I think it's all fake. I havet seen nothing but birds, ants


----------



## Horsy (Jan 14, 2007)

I've seen a herd of zebras and two buffalo.


----------



## redline (Jan 14, 2007)

when


----------



## Horsy (Jan 14, 2007)

About an hour ago. They were on the screen for ages.


----------



## slim6y (Jan 14, 2007)

was probably people dressed in zebra suits...


----------



## Horsy (Jan 14, 2007)

Pretty convincing costumes.


----------



## redline (Jan 14, 2007)

slim6y said:


> was probably people dressed in zebra suits...





I think so


----------



## slim6y (Jan 14, 2007)

Horsy said:


> Pretty convincing costumes.



With a bit of make up, some cheap labour and a bit of black paint you can make anyone up to look like a zebra, specially on a semi low quality webfeed


----------



## leighroyaus (Jan 14, 2007)

that webcam made me fall asleep at my ocpmuter


----------



## Snake Catcher Victoria (Jan 14, 2007)

does africa really sound like this,its amazing,id love to be able to identify the animals by their sounds,
im sure i heard a warthog earlier


----------



## mitchdiamond (Jan 14, 2007)

I have been watchin for 20mins but have only seen birds.


----------



## JandC_Reptiles (Jan 14, 2007)

leighr33 said:


> that webcam made me fall asleep at my computer



Me too and I awoke with lkjhgfdsawertyu imprinted on my forhead


----------



## redline (Jan 14, 2007)

I see bigfoot


----------



## grimbeny (Jan 14, 2007)

Look Now


----------



## grimbeny (Jan 14, 2007)

Its those bison or buffalos or watever


----------



## redline (Jan 14, 2007)

haha thats some1 backyard.


----------



## grimbeny (Jan 14, 2007)

Haha it is.


----------



## nickvelez (Jan 14, 2007)

someones fiddlin with the camera - look at all those gnus-wildebeast
sounds great!


----------



## Horsy (Jan 14, 2007)

Not so fake now is it.


----------



## Horsy (Jan 14, 2007)

Aww look at the baby wildebeast


----------



## redline (Jan 14, 2007)

Back 2 the water again. lol


----------



## mitchdiamond (Jan 14, 2007)

Did any of you see the lion drinking


----------



## Horsy (Jan 14, 2007)

Noooo.

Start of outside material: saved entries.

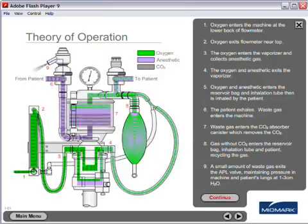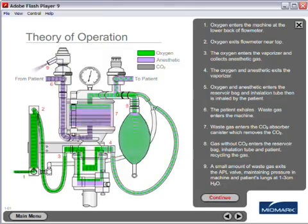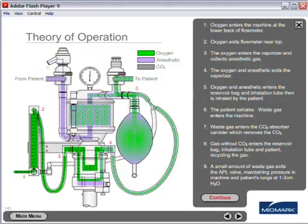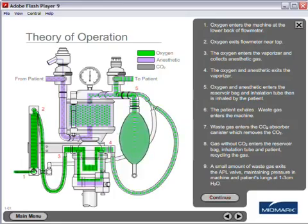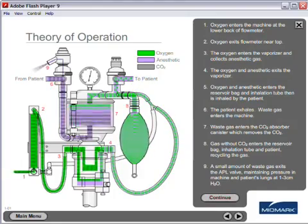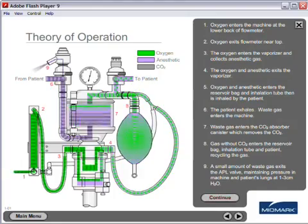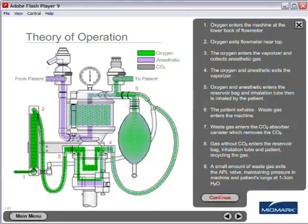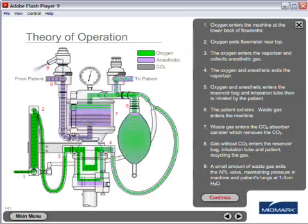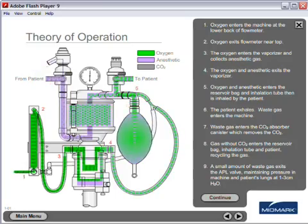Number nine, a small amount of waste gas exits the APL valve, maintaining pressure in the machine and patient's lungs at one to three centimeters H2O.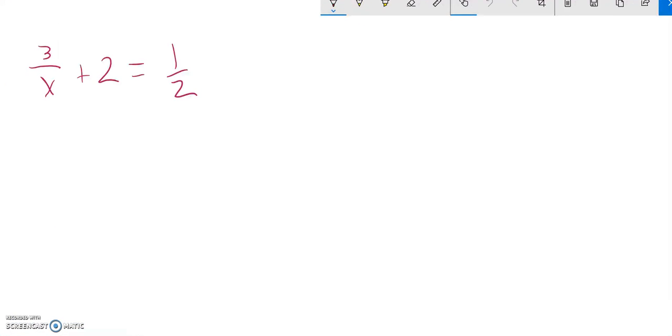All right, for this problem, we're supposed to solve it. I look at those denominators - I have a 2 and I have an x. So my lowest common denominator is 2x, so I'm going to multiply everything by that.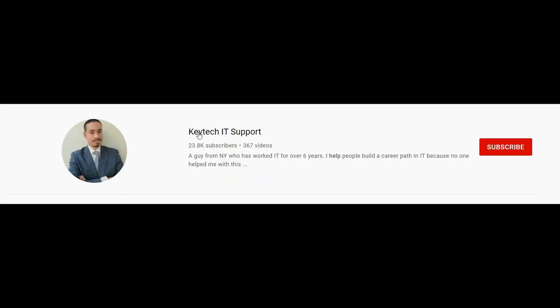Hey guys, it's Keptic here bringing another video on information technology. I hope you're having a good day. Happy Sunday! Today I want to go over some Active Directory stuff — what scenarios you can create on your home labs if you're working with Active Directory and users and computers. If you're new to my channel, please comment, subscribe, and give me a thumbs up.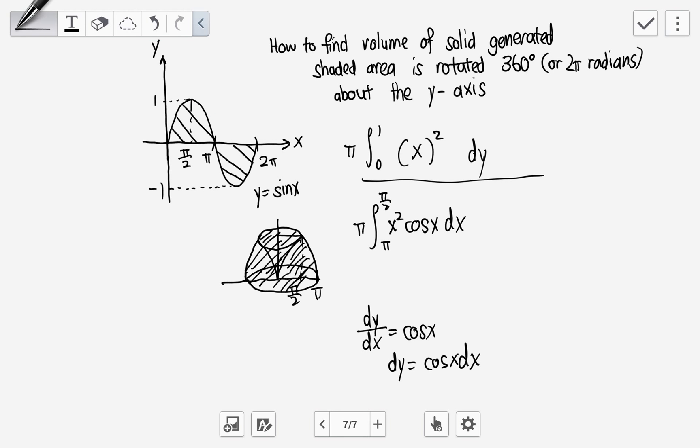So the limits go from pi to pi over two. Then we subtract: pi times the integral from zero to pi over two, because zero maps to zero and pi over two maps to one. We're taking the volume generated by the outer region minus the volume generated by the inner region.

Dammit


----------



## mitchdiamond (Jan 14, 2007)

Yeah it was a sub-adult male


----------



## Horsy (Jan 14, 2007)

Awesome. I'm lovving this Thompson's Gazelle invasion. I wish there was a Croc in the lake. Haha. That'd be some hardcore entertainment.


----------



## mitchdiamond (Jan 14, 2007)

yeah it would
wish I saw a reptile


----------



## mitchdiamond (Jan 14, 2007)

I just saw a herd of some kind of deer or antalope


----------



## Horsy (Jan 14, 2007)

Thompson's Gazelle.


----------



## slim6y (Jan 14, 2007)

pk.. you're all lying.. i see a tree... wait.. three trees.... wait i see... no.. damn..... sorry... i think patience is a virgin - and I don't know if I have that kind of time... still, a cool link thanks!!!


----------



## hornet (Jan 14, 2007)

i see the grass moving


----------



## slim6y (Jan 14, 2007)

Stop lying hornet... i think it's someone playing a nasty trick on us... it's their algae'd up swimming pool in their back yard... those antelope things you're seeing are people dressed in antelope things fancy dress costumes... It's a have I tell ya...

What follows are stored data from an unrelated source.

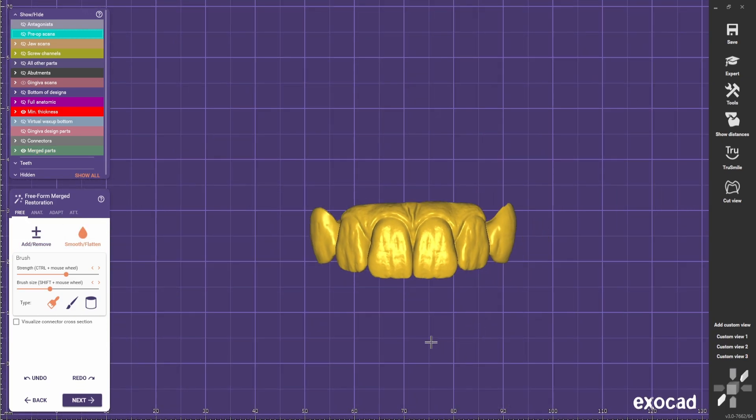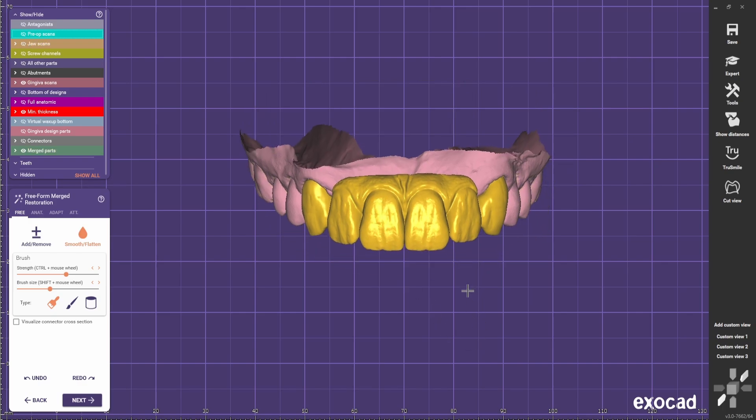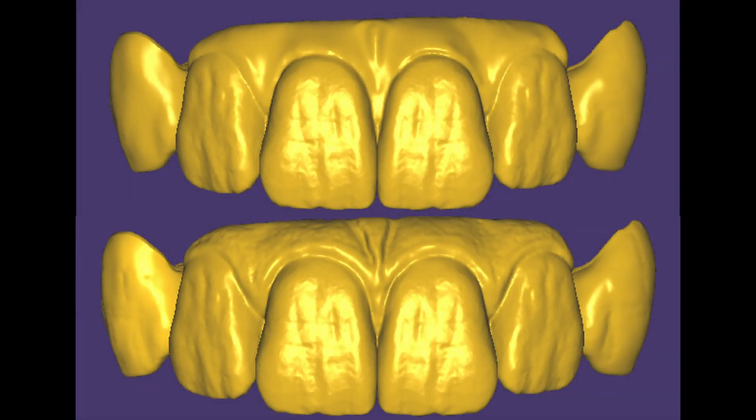And that's it. This is how I do a very realistic gingiva in Exocad.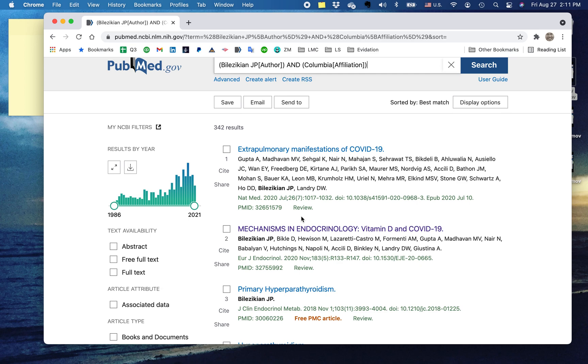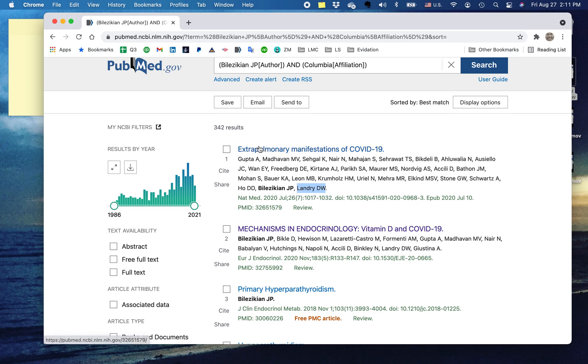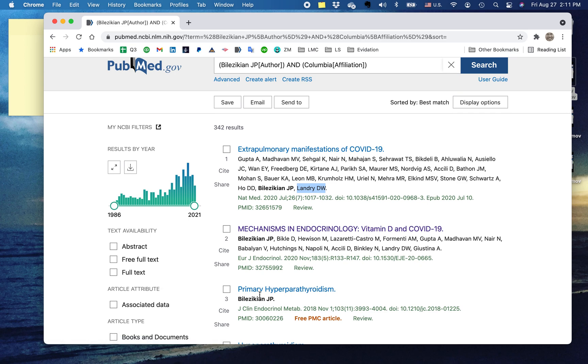And interesting, here is that right next to my former professor, John Landry, is a friend of mine, Don Landry, who is now also a professor at Columbia. And he appears here on an article called The Extrapulmonary Manifestations of COVID-19. So a great way to help narrow your searches.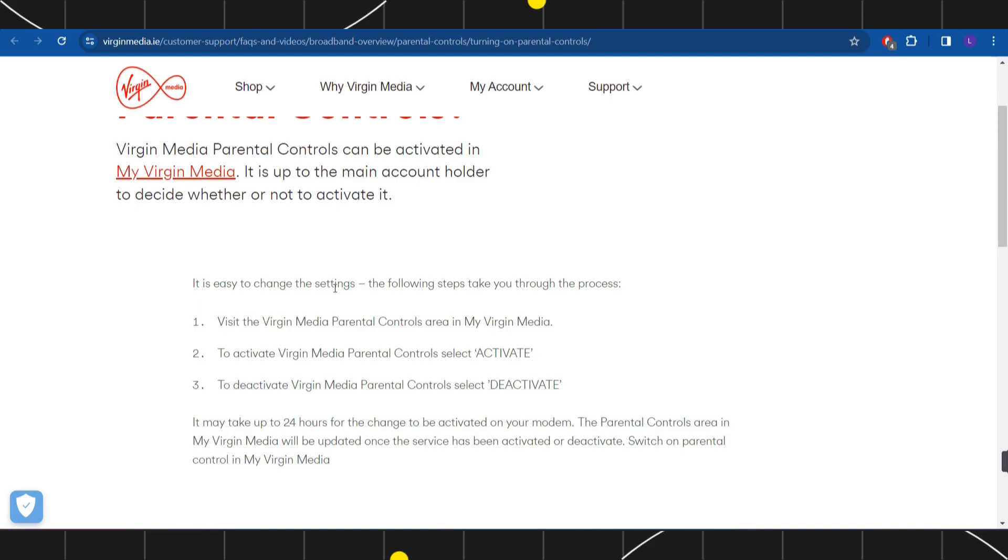Now once you have successfully logged in, you need to go to the settings in your account. To activate Virgin Media parental controls, you need to select the activate option there. If you want to deactivate it, then you will have to press the deactivate button.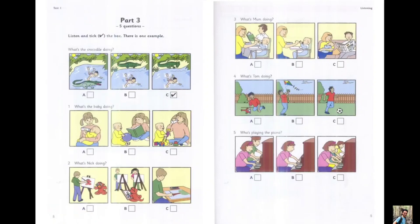Part 3. Look at the pictures. Listen and look. There is one example.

I'm just going back for another look now...


----------



## hornet (Jan 14, 2007)

lol


----------



## da_donkey (Jan 15, 2007)

i saw a bug....yay


----------



## Jozz (Jan 15, 2007)

there's a lion drinking now!


----------



## Scotth (Jan 15, 2007)

People wearing cats suits are drinking again!!


----------



## IsK67 (Jan 15, 2007)

a cat of some sorts


----------



## richard70au (Jan 15, 2007)

I saw the paddle pop lion, lol
No it is an interesting site, I did see some monkeys but they moved the camera before I could say what type they where.

And yes, does burn up the bandwith, thank god for unlimited accounts lol.


----------



## Jozz (Jan 15, 2007)

whoever started this thread, I haven't been able to get any work done today!!! I have seen gizelles, zebras, monkeys, lions and lionesses. It is great!


----------



## Jozz (Jan 16, 2007)

Can anyone tell me where this is in Africa??


----------



## Jozz (Jan 16, 2007)

hello


----------



## Horsy (Jan 16, 2007)

> whoever started this thread, I haven't been able to get any work done today!!! I have seen gizelles, zebras, monkeys, lions and lionesses. It is great!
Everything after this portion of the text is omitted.